Intravascular Ultrasound Assessment of the Incidence and Predictors of Edge Dissections After Drug-Eluting Stent Implantation
Xuebo Liu, Kenichi Tsujita, Akiko Maehara, Gary S. Mintz, Giora Weisz, George D. Dangas, Alexandra J. Lansky, Edward M. Kreps, LeRoy E. Rabbani, Michael Collins, Gregg W. Stone, Jeffrey W. Moses, Roxana Mehran and Martin B. Leon
Angiography showed type E dissection proximal to stent edge (arrows indicate dissection site on the pre- and post-stent angiograms) in the mid-right coronary artery. The cross-sectional intravascular ultrasound image showed that the hematoma was stopped by right ventricular (RV) branch.

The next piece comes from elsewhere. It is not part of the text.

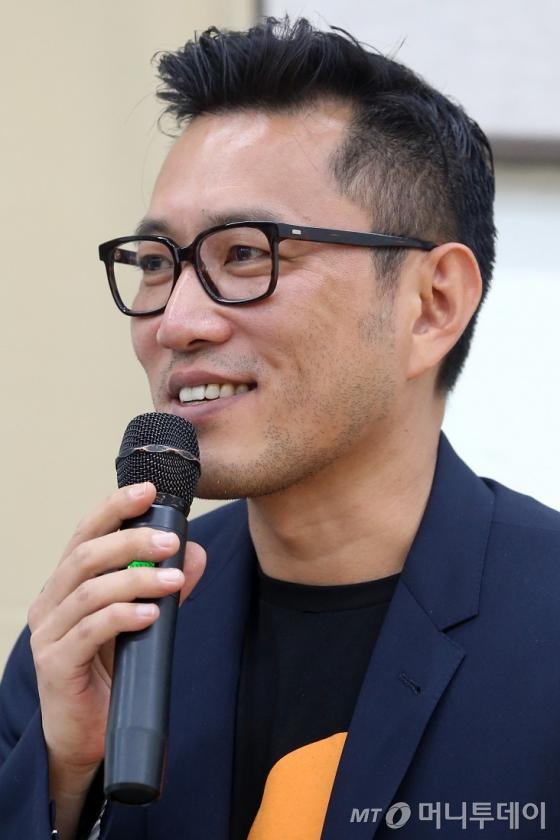 '2014 베니스 비엔날레 국제건축전'에서 '분단'을 주제로 남북한 100년 건축사를 조명해 최고 영예인 황금사자상을 수상한 조민석 커미셔너. 그가 12일 서울 종로구 동숭동 예술가의 집에서 열린 기자간담회에서 전시 작품을 설명하고 있다. /사진=이기범 기자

The intravascular ultrasound demonstrated an intramural hematoma without contrast retention. (A) The cross-sectional intravascular ultrasound images before stenting. (B) The cross-sectional intravascular ultrasound images after stent implantation showing a hematoma in sections 2 to 5; individual cross sections correspond to the equivalent sections in A. (C) Longitudinal intravascular ultrasound image after stenting. Long arrow indicates the proximal stent edge and the hematoma start point that extended proximally. The intramural hematoma was 13.1 mm in length. Short arrows indicate the intramural hematoma without contrast retention.